--- What the task asks ---
Print exactly the lines from the one containing "Old map wall" through the last line of the entries below; the pictures stay out of the copy.

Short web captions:

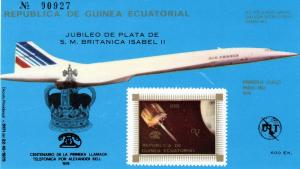 Equatorial Guinea 1977 Mi#Bl.268 Concorde/Space ovpt.Black Silver Jubilee SS MNH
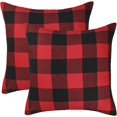 thumbnail image 1 of Set of 2 Christmas Buffalo Check Plaid Throw Pillow Covers Cushion Case Polyester for Farmhouse Home Decor Red and Black, 18 x 18 Inches, 1 of 6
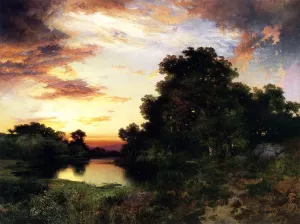 Sunset on Long Island by Thomas Moran - Oil Painting Reproduction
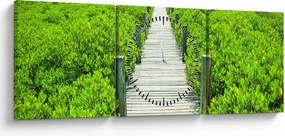 Tablou - poteca din lemn (cu ceas) (90x30 cm)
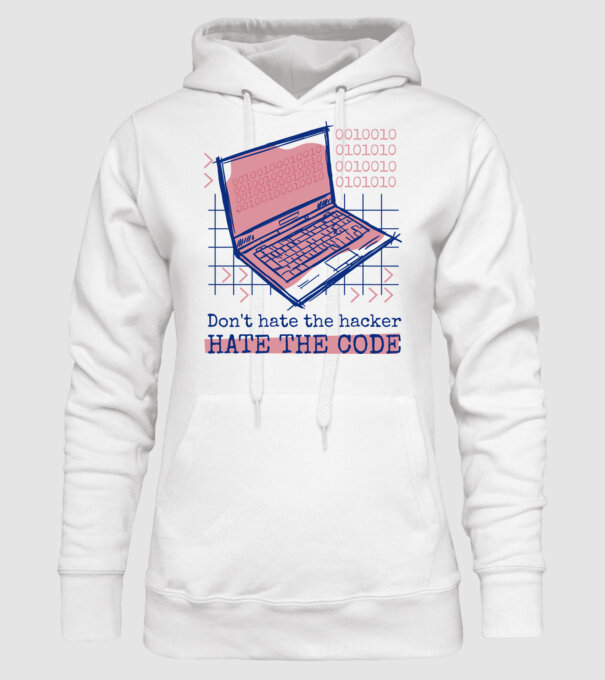 Nu urî hackerul, urăște codul model alb pe tricou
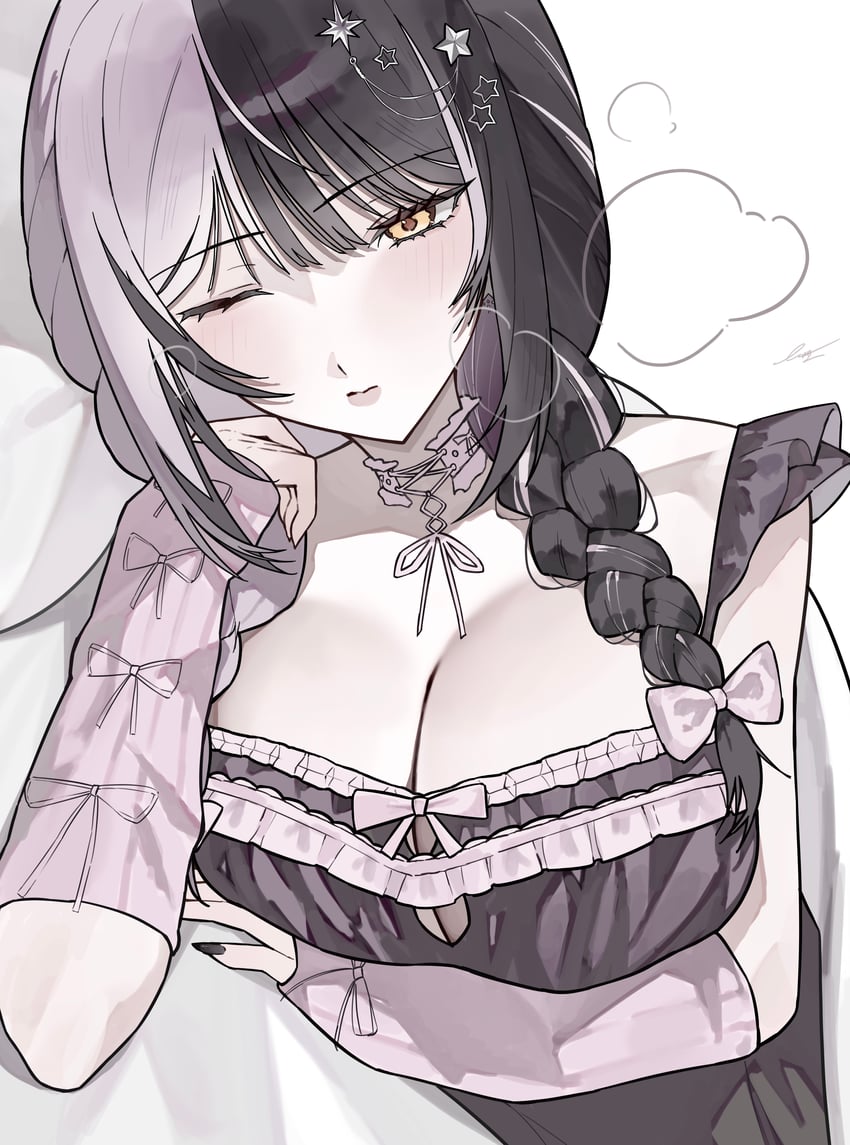 Hololive、Hololive英语、诗织·诺维拉 1名女孩 黑发 蝴蝶结 辫子 乳房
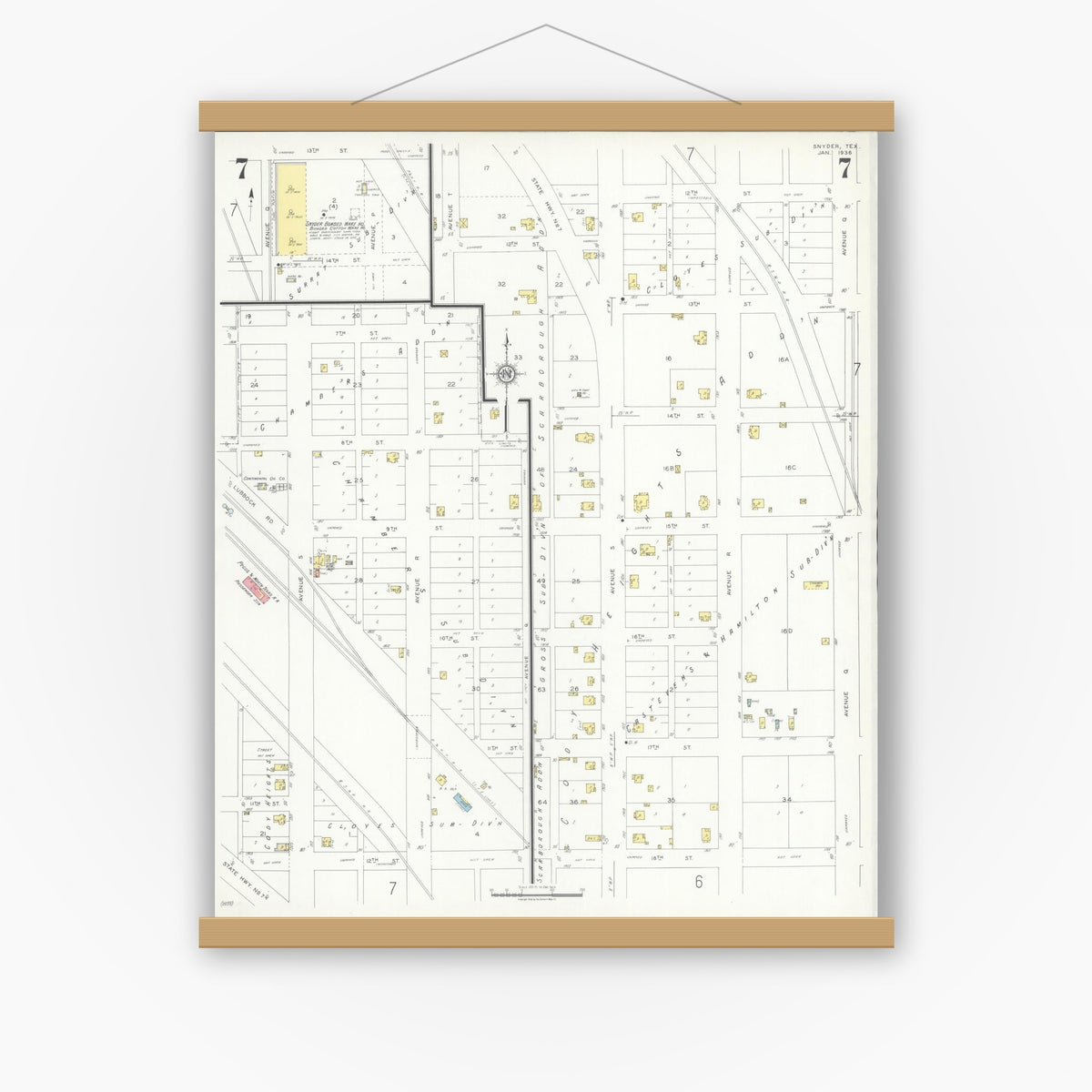 Old map wall art mockup — magnetic wood frame on white wall — Sanborn Fire Insurance Map from Snyder, Scurry County, Texas (1936), Sheet #0007
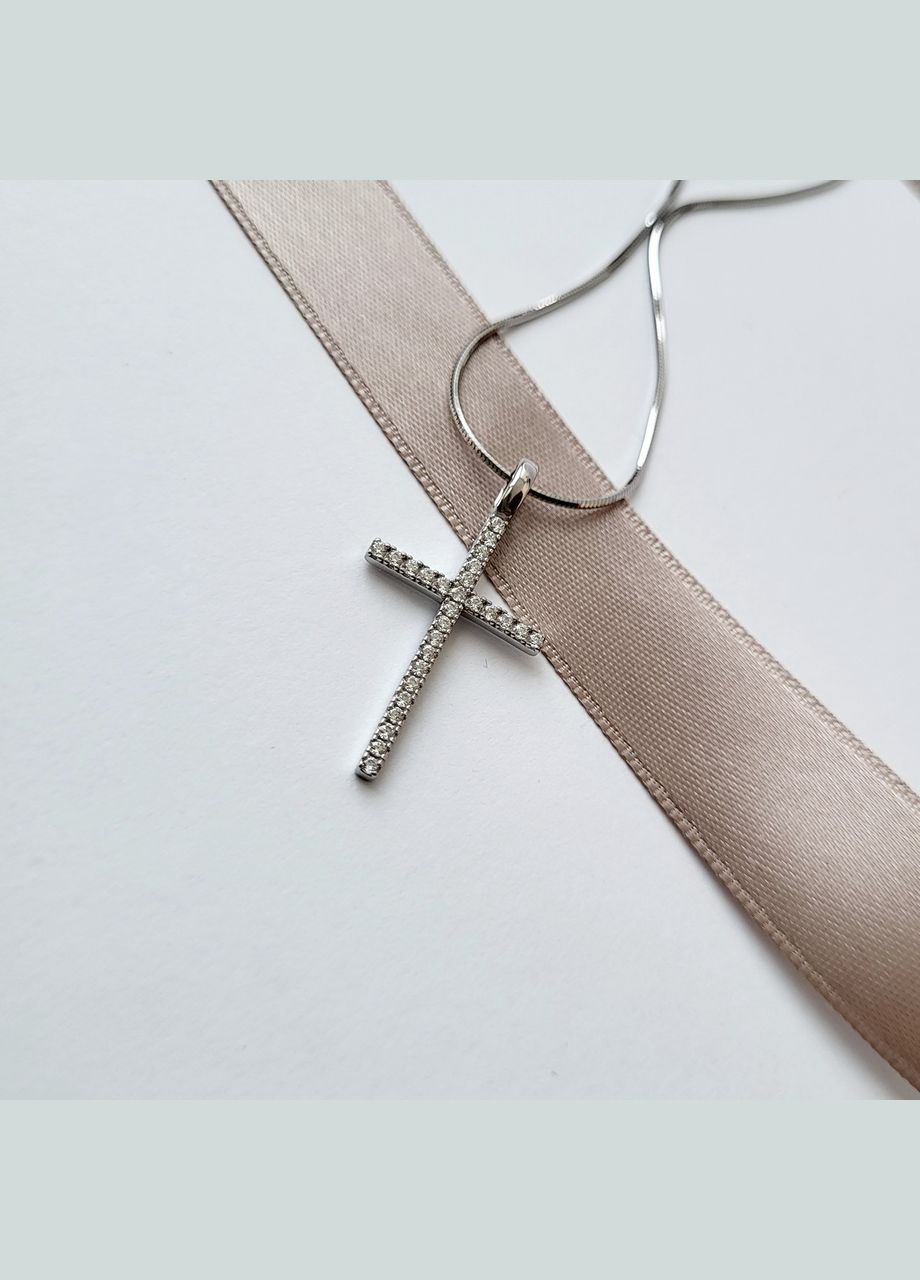 Серебряный прямой крестик Крест с Белыми камнями серебро 925 пробы Родированное 991 0.89г No Brand (306741186)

--- Answer below ---
 Old map wall art mockup — magnetic wood frame on white wall — Sanborn Fire Insurance Map from Snyder, Scurry County, Texas (1936), Sheet #0007
 Серебряный прямой крестик Крест с Белыми камнями серебро 925 пробы Родированное 991 0.89г No Brand (306741186)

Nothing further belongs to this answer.